Studio album by Bonnie Raitt
- Released: March 21, 1989
- Recorded: 1988
- Studios: Ocean Way Recording, Capitol Studios and Hollywood Sound Recorders (Hollywood, California); Record Plant (Los Angeles, California);
- Genres: Americana; rock; blues rock;
- Length: 42:31
- Label: Capitol
- Producer: Don Was

Bonnie Raitt chronology
| Nine Lives (1986) | Nick of Time (1989) | Luck of the Draw (1991) |

Singles from Nick of Time
- "Thing Called Love" Released: 1989; "Have a Heart" Released: 1990; "Nick of Time" Released: 1990; "Love Letter" Released: 1990;

= Nick of Time (album) =

Nick of Time is the tenth studio album by the American singer Bonnie Raitt, released on March 21, 1989. It was Raitt's first album released by Capitol Records. A commercial breakthrough after years of personal and professional struggles, Nick of Time topped the Billboard 200 chart, selling five million copies, and won three Grammy Awards, including Album of the Year, which was presented to Raitt and producer Don Was. In 2003, the album was ranked number 229 on Rolling Stone magazine's list of the 500 greatest albums of all time, then was re-ranked at number 230 on the 2012 list. As of September 2020, it is ranked at number 492. The album was also included in the book 1001 Albums You Must Hear Before You Die.

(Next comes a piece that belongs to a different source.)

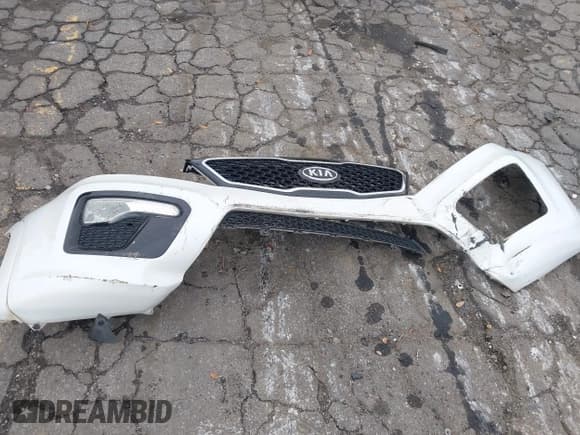 ✅ 2012 Kia Sorento SX • VIN: 5XYKW4A28CG243259 • Lot: 43555766. Listed on IAAI with 198,950 mi. Free auction sales archive from the USA and detailed vehicle history report at DreamBid. Image 11.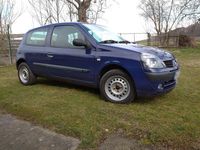 Gebraucht Renault Clio II 75 PS (55 kW) 2004 Blau Kleinwagen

In 2022, the album was selected by the Library of Congress for preservation in the United States National Recording Registry for being "culturally, historically, or aesthetically significant".

==Background==
In 1983, Bonnie Raitt was dropped from Warner Bros. Records after the poor commercial performance of her albums The Glow (1979) and Green Light (1982). This decision came just one day after she had finished recording her next album, titled Tongue in Groove. Two years later, Raitt's affair with producer Rob Fraboni came to an end, and she was forced to dissolve her backing band as she could no longer afford to pay them. In addition to these personal problems, Warner Bros. exercised an option in Raitt's former contract to distribute Tongue in Groove in 1986, now re-titled Nine Lives. This meant that Raitt was now both legally obligated to promote a record she had no control over and split the profits with a label that had already abandoned her. Raitt began to suffer from depression, which soon spiraled into excessive eating, drinking, and partying. When asked about this period in her life, Raitt said: "I wasn't kicking and screaming into dementia, but I did have a complete emotional, physical, and spiritual breakdown."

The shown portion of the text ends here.